Yes a survey is a good idea.

Well, having a complete overview of meccg players' backgrounds and motives would be great, but perhaps a bridge too far. If the list is not too long you could ask such questions, but I would at least focus on issues important for the CoE. So mainly:
-what would people expect/want from a CoE?
-would they be open to minor changes in the game or in tourney formats, and tp experiments to test these? (example: play with MP max 10 for chars).
-ideas: what would they like to see change in the game/tourney formats, if anything?

These are open questions. Closed questions yield more data, but qualitatively less imput. A combo of both would be best, but the number of open questions must be small. Also there might be a language issue for open questions.

I understand the main interest/objective would be to counter the dwindling tournament attendance, but direct questions as to "why did you not attend" etc will probably yield nothing more than 'no time/money/interest/I've played a ton of worlds.' A better approach would be rather "what does the game/a tourney need to be appealing again to more people?"

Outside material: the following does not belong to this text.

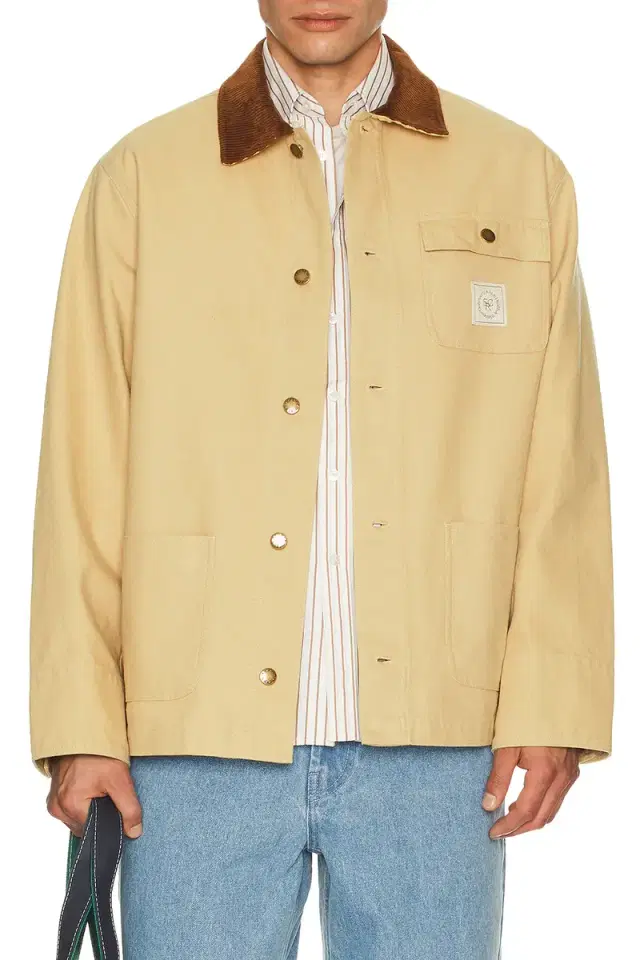 Sporty & Rich Srhwc Painters Jacket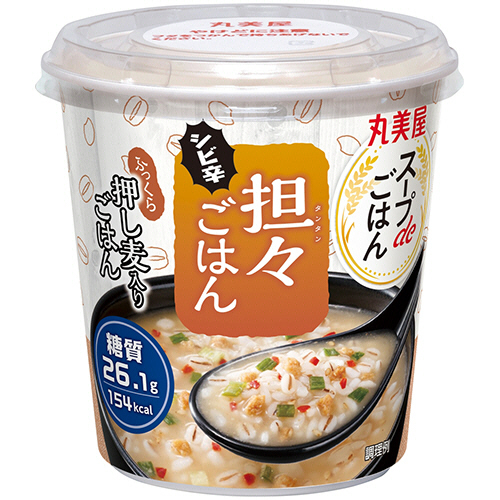 ｽｰﾌﾟdeごはん ｼﾋﾞ辛担々ごはん 72.9g 1ｾｯﾄ(48食)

Then there is the question of which respondents are of our concern? This is a central CoE issue: do we represent the game and any possible players, or the current active community?
Cause if we ask those who show up at Lure (the active players) then we only get answers of those who are happy with the state of things, and we do not reach those who dropped out for whatever reason, nor those who might potentially be new players. Joe with his letters and Ben with his meccg: the rewrite were concerned more with the latter. But more and more I feel we cannot serve this category of people as we are up against the odds of time (ageing player base) and low card availability (play online only?). So are the current players (those who are left), content and conservative, or open to change? The Virtuals experience would suggest the former, but perhaps more daring/drastic solutions could yield something. Every year there is less to lose.

So designing a survey that we can also leave on this board/CoE site to be filled out would be great, then we can perhaps reach those potentials/drop outs.
Stone-age did not end because man ran out of rocks.